**Exercise details**
The line containing "British Columbia Orange" marks the start; extract exactly from it through the last line of the entries, and omit any pictures.

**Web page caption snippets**

┌──

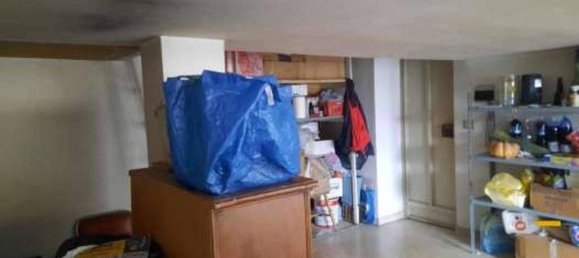 5 rooms Apartment in Canicattì, Italy No. 257910 16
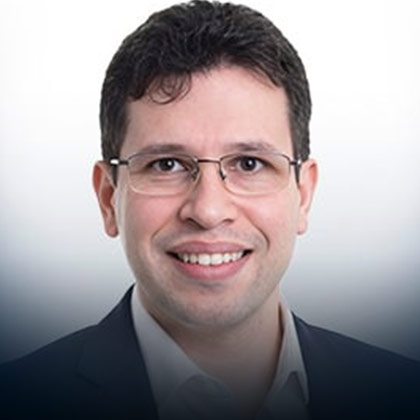 Forn Pales Raphael Mendes Mota 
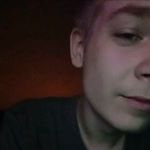Profile Picture of Corey Michael Perkins (@corey.newland.9) on Instagram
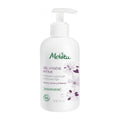 [Melvita] Intimate Hygiene Cleansing Gel 225ml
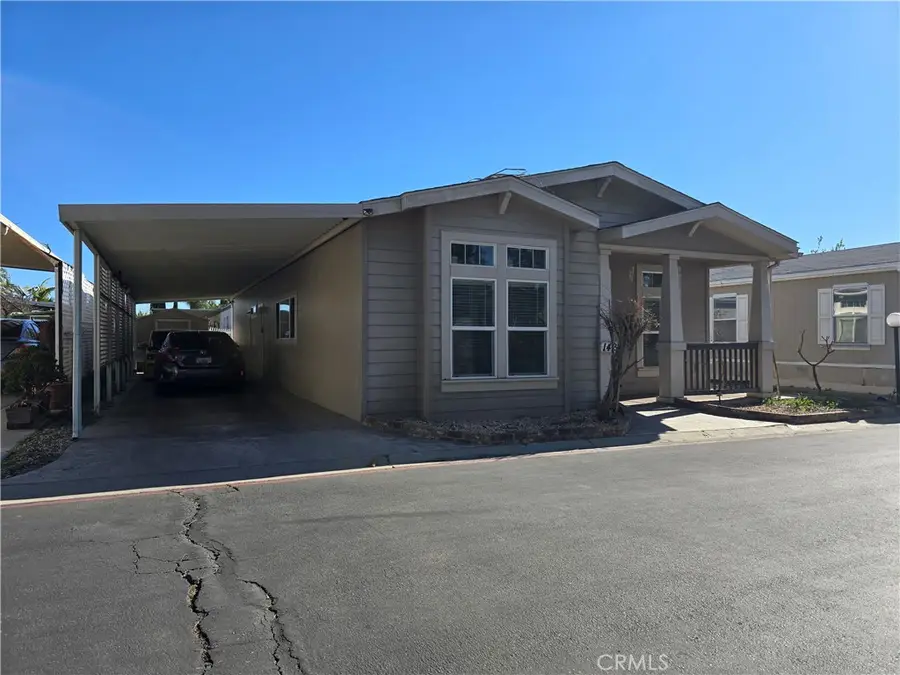 2139 E 4th Street #142, Ontario, CA 91764 - Image #3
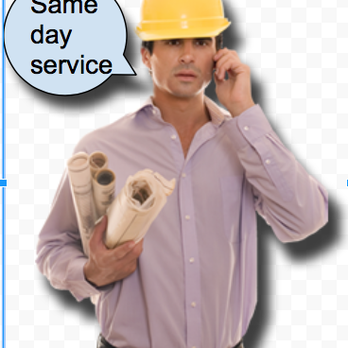 Orange Bins - Orange Bins Same Day Service - Junk Removal & Hauling Near Me - North Vancouver, British Columbia Orange Bins - Orange Bins Same Day Service - Junk Removal & Hauling Near Me - North Vancouver, British Columbia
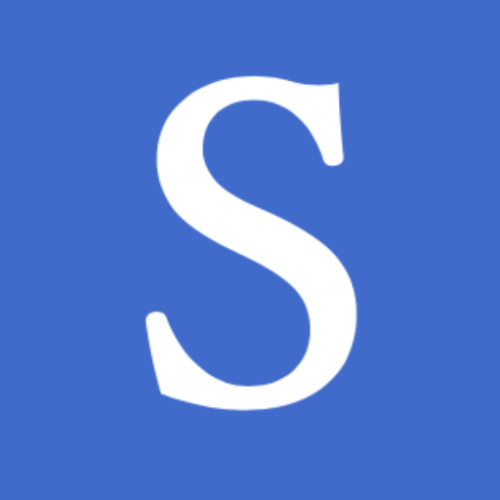 SNSマーケティング総合サービス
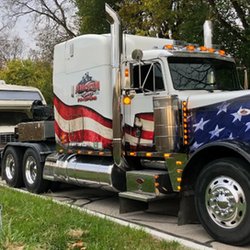 Anglin Automotive & Towing - untitled
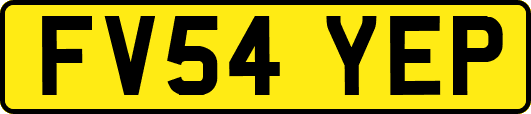 FV54YEP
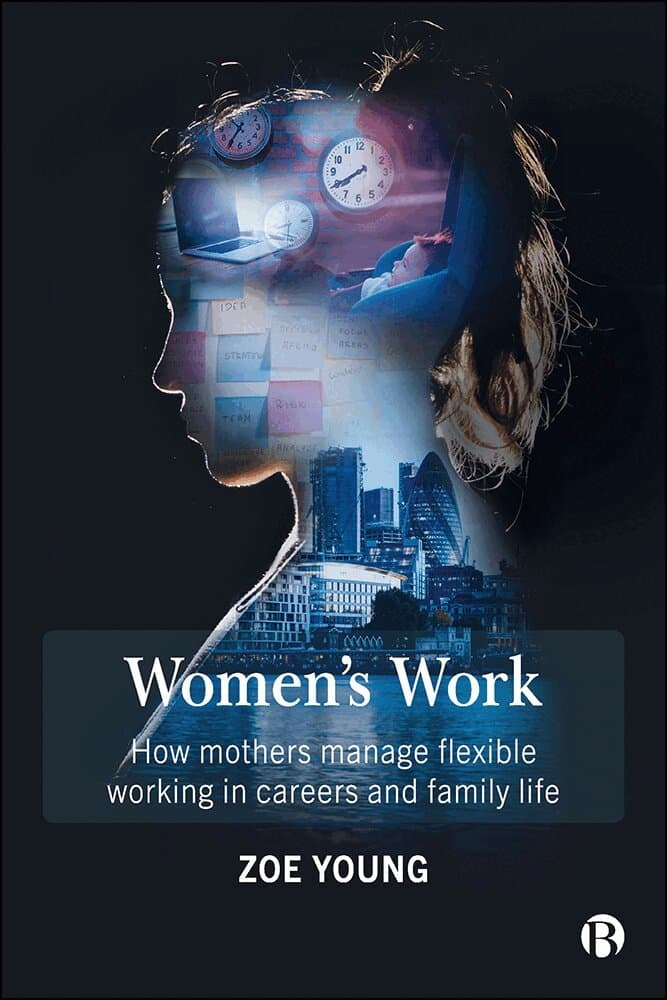 Women's Work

└──

**Your response**
 Orange Bins - Orange Bins Same Day Service - Junk Removal & Hauling Near Me - North Vancouver, British Columbia Orange Bins - Orange Bins Same Day Service - Junk Removal & Hauling Near Me - North Vancouver, British Columbia
 SNSマーケティング総合サービス
 Anglin Automotive & Towing - untitled
 FV54YEP
 Women's Work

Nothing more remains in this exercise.